Western District of New York: Employers Must Reimburse Guest Workers for Costs of Travel, Visa, Recruitment

The U.S. District Court for the Western District of New York has determined that the Fair Labor Standards Act requires employers to reimburse foreign H-2B visa workers for certain expenses paid by the workers if, after subtracting the costs from the workers’ wages, the workers’ effective net salary would fall below minimum wage. See Teoba v. Trugreen Landcare, No. 10-CV-6132 (W.D.N.Y. filed Feb. 15, 2011). The plaintiffs in Teoba alleged that they had paid for the costs of obtaining an H-2B visa, traveling to the United States, and the services of a third-party recruitment firm, which the employer had retained. The plaintiffs further alleged that after deducting the costs from their earned wages they received a net salary that fell below minimum wage.

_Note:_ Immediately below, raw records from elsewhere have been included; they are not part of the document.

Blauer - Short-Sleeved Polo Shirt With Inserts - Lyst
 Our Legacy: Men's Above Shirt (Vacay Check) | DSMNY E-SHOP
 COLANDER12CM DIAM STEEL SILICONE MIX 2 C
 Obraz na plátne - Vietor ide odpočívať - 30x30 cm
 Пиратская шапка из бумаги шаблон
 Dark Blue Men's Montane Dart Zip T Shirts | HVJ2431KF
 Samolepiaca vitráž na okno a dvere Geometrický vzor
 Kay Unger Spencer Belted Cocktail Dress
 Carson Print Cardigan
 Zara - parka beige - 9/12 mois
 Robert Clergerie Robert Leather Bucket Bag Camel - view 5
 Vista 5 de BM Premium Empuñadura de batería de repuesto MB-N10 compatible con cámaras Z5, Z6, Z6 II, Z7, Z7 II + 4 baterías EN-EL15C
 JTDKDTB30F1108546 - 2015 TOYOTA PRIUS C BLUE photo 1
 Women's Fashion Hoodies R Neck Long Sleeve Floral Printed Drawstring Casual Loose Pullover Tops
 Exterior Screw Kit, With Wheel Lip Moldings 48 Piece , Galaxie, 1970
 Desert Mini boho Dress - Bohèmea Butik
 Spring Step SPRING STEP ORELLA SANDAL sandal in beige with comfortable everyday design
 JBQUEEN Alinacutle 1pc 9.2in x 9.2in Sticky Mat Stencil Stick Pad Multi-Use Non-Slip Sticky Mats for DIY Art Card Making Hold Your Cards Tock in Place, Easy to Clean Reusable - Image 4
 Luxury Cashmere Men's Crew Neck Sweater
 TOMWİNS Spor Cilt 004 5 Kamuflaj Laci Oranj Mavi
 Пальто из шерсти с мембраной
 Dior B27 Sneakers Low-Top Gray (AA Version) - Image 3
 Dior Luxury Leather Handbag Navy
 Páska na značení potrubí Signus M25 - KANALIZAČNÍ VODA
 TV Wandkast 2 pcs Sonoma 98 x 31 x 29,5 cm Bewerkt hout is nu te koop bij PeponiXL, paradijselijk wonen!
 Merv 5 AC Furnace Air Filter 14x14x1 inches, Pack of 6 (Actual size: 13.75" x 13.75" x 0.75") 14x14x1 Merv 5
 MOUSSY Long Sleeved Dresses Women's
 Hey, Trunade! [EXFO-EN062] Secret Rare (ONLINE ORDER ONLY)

The court found that the visa, travel, and recruitment expenses primarily benefited the employer and that, as per U.S. Department of Labor regulations, the employer must reimburse the workers for those costs if the workers would otherwise effectively receive sub-minimum wage compensation. See 29 C.F.R. §§ 531.3(d), 531.35.

The court relied heavily on the fact that a 2009 Department of Labor Field Assistance Bulletin declared that employers must reimburse H-2B visa workers for the costs of transportation, obtaining a visa, and third-party recruiters whose services the employer retains. The Field Assistance Bulletin reasoned that the costs of transporting H-2B workers and of obtaining an H-2B visa primarily benefit the employer because the H-2B visa program provides “greater-than-normal” benefits to the employer, since such workers are available to an employer only if it attests that no comparable domestic workers are available. In concluding that the recruitment costs primarily benefited the employer, the district court emphasized that the employer had retained the third-party recruiter’s services.

The courts have been divided on this issue. The Eleventh Circuit has similarly ruled that travel and visa expenses must be reimbursed when a worker’s effective wage received would otherwise be below minimum wage. See Morante-Navarro v. T&Y Pine Straw, Inc., 350 F.3d 1163, 1166 n.2 (11th Cir. 2003). The Fifth Circuit, however, has held to the contrary. See Castellanos-Contreras v. Decatur Hotels, 622 F.3d 393 (5th Cir. 2010) (en banc).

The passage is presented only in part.